[[ Supplied material, beginning ]]
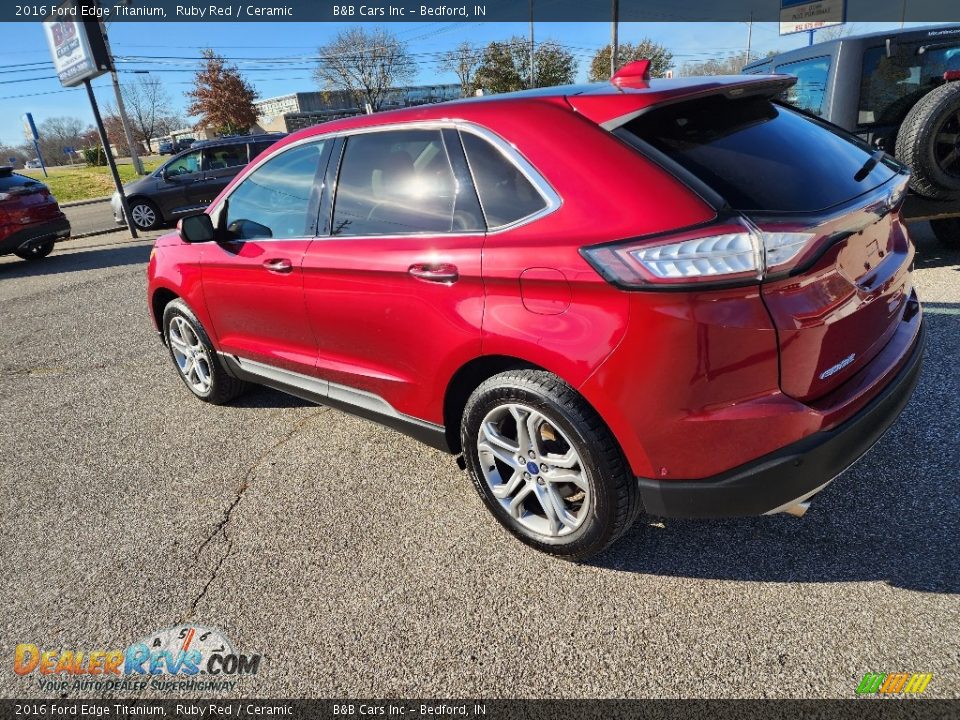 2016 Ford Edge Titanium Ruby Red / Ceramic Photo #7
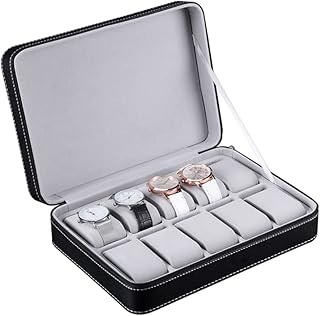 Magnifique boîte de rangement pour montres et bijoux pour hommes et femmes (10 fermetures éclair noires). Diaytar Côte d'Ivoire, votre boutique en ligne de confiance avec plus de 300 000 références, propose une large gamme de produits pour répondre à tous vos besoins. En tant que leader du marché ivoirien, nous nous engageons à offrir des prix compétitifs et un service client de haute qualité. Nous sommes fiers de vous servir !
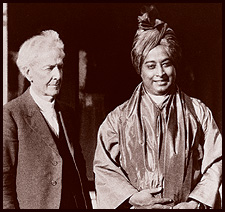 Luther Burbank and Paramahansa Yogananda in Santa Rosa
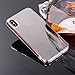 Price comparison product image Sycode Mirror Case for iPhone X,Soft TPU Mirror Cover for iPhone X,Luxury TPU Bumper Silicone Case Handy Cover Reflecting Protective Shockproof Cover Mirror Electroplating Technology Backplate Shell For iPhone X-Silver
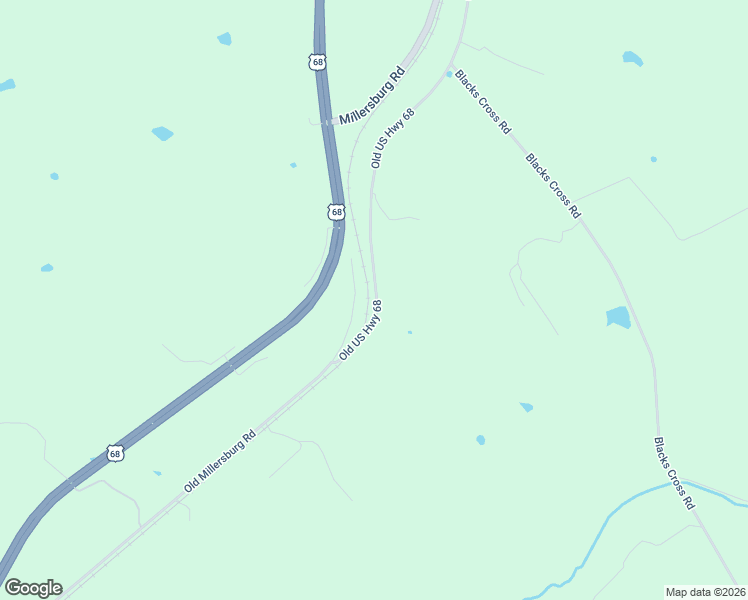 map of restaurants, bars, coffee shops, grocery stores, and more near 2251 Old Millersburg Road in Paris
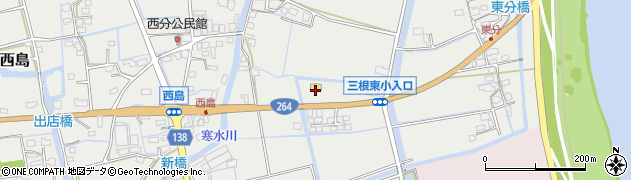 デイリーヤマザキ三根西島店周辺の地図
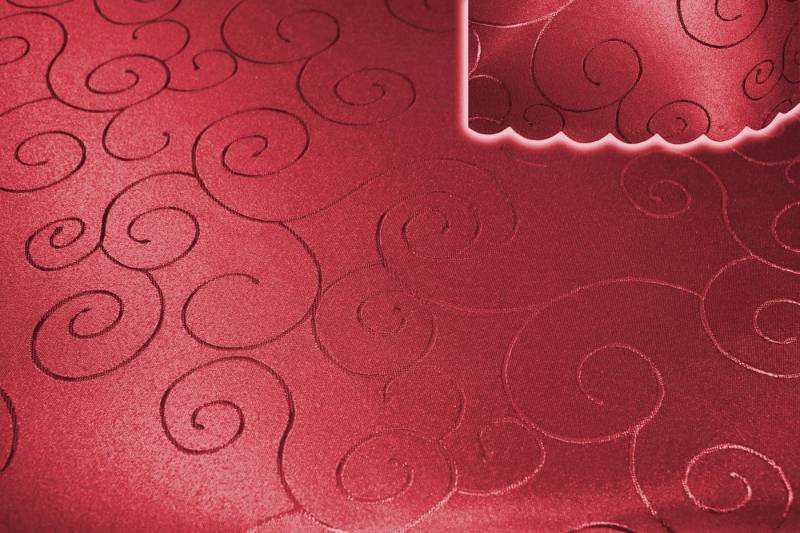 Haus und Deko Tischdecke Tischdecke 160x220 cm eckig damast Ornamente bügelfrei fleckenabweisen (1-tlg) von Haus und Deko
[[ Supplied material, end ]]
After locating the line containing "map of restaurants, bars, coffee" in the entries above, repeat only it and each later line through the end, exactly, without any pictures.

» Solution:
 map of restaurants, bars, coffee shops, grocery stores, and more near 2251 Old Millersburg Road in Paris
 デイリーヤマザキ三根西島店周辺の地図
 Haus und Deko Tischdecke Tischdecke 160x220 cm eckig damast Ornamente bügelfrei fleckenabweisen (1-tlg) von Haus und Deko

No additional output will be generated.